Evidently, a slight modification from TMS to TMSX, or from TBS to TBSX (X=O or CH₂) could result in a reversed stereoselectivity. In addition, in most cases, higher exo-selectivity is predicted for X=O than for X=CH₂. A recent study by Song et al. reported high exo selectivity in Diels–Alder reactions involving dienes functionalized by a large bis(silyl) group at the C₂ position.⁴⁸ The two bulky silyl groups result in a strong steric hindrance at both the top and the bottom sides of the diene to the EWG group when the dienophile approaches in the endo orientation. On the contrary, our results indicate that, the effect of bis-silyl group substitution may as well be achieved by a single silyl group when a bridging methylene group or oxygen atom is inserted between the C₂ of diene and the Si atom as in TMSX or TBSX, (X=CH₂ or O) for the Diels–Alder reaction with a trans substituted dienophile. In this case, the silyl group is rotated away from the R_β of the dienophile at TS_exo, significantly alleviating the steric repulsion between the [Si] of the diene and the R_β of the dienophile, as shown in Fig. 2.

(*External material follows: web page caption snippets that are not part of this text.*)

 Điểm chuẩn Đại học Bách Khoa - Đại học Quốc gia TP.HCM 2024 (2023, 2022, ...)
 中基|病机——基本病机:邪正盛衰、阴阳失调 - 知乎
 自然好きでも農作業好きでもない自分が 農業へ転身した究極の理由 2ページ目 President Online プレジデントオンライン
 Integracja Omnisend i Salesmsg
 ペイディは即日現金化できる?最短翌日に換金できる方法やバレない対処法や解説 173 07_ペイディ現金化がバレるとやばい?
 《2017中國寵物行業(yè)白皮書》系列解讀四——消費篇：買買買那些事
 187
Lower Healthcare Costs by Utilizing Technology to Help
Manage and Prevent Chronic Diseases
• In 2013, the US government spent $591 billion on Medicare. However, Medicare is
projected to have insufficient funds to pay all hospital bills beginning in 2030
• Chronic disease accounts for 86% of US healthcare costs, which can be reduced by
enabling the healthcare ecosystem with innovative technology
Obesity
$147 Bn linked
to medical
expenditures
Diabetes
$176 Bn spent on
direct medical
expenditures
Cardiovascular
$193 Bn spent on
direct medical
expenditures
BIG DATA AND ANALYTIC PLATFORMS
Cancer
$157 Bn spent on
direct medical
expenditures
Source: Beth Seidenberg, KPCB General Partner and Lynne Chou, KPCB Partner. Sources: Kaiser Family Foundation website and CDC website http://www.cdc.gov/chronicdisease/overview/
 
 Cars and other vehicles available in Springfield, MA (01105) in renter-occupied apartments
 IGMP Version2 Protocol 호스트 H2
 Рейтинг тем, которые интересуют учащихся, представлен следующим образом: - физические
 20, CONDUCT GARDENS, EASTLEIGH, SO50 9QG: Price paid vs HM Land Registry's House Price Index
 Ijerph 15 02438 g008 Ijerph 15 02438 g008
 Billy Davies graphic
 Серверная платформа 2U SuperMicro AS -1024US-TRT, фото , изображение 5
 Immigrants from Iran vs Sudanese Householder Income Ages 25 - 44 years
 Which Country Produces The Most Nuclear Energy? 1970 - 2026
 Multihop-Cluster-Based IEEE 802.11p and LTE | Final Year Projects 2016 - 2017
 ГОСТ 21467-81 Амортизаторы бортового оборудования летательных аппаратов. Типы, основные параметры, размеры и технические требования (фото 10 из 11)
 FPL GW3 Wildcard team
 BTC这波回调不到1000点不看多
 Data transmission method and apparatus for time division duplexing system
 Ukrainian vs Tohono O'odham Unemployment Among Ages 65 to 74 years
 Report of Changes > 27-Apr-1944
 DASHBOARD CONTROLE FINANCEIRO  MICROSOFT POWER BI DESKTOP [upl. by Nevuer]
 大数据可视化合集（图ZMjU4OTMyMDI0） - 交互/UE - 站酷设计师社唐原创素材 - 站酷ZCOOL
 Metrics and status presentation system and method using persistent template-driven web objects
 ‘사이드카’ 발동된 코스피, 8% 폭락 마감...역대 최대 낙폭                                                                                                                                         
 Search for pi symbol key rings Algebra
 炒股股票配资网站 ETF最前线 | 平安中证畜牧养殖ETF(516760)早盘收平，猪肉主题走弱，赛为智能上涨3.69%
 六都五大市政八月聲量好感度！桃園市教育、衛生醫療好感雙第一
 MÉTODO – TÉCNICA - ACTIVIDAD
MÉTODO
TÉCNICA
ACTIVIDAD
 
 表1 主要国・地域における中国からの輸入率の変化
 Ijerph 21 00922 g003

Fig. 2 Illustration for the geometry and major interactions for exo and endo transition states. X represents the bridging O or CH₂ group inserted between C₂ of diene and the Si atom.

The critical geometric parameters of the transition states are analyzed as shown in Fig. S2.† Between the two newly formed C–C bonds, d_1-β (bond distance between C₁ of diene and C_β of dienophile, ∼1.9–2.0 Å) is significantly longer than d_4-α (bond distance between C₄ of diene and C_α of dienophile, ∼2.7–2.9 Å), indicating the typical concerted asynchronous behavior in most asymmetric Diels–Alder reactions.¹⁵ As the bridging group X is inserted, the bond length difference between the shorter d_1-β and the longer d_4-α further increases, indicating an increased asynchronicity. Also note that the d_4-α is increased much more when X=O than when X=CH₂, which may result from the electrostatic repulsion between the bridging O atom in the TBSO and the EWG.^22,34,38

Many of the previous studies attributed the most destabilizing interaction in the endo pathway to the steric repulsion between the EWG of the dienophile and the C₄-phenyl group of the diene.²² Surprisingly, we find that a much worse exo-selectivity is presented with the most bulky t-butyl group with respect to methyl substitution or even unsubstituted R, as shown in Table 1. As the size of R increases, both the exo and the endo pathways become more sterically destabilized. In the case when R = t-Bu, the distortion energy of the exo pathway even exceeds that of the endo (Fig. 3), possibly due to enhanced steric repulsion between the R_β and the silyloxyl group as the EWG is twisted away along the C₄–C₁-C_β–C_α dihedral angle. In the contrary, a substituent with a small to moderate size, e.g. the methyl group, in combination with a strongly exo-inducting EWGat the dienophile, e.g. the ester group, could allow for an exo/endo ratio as high as 32 (Table 1).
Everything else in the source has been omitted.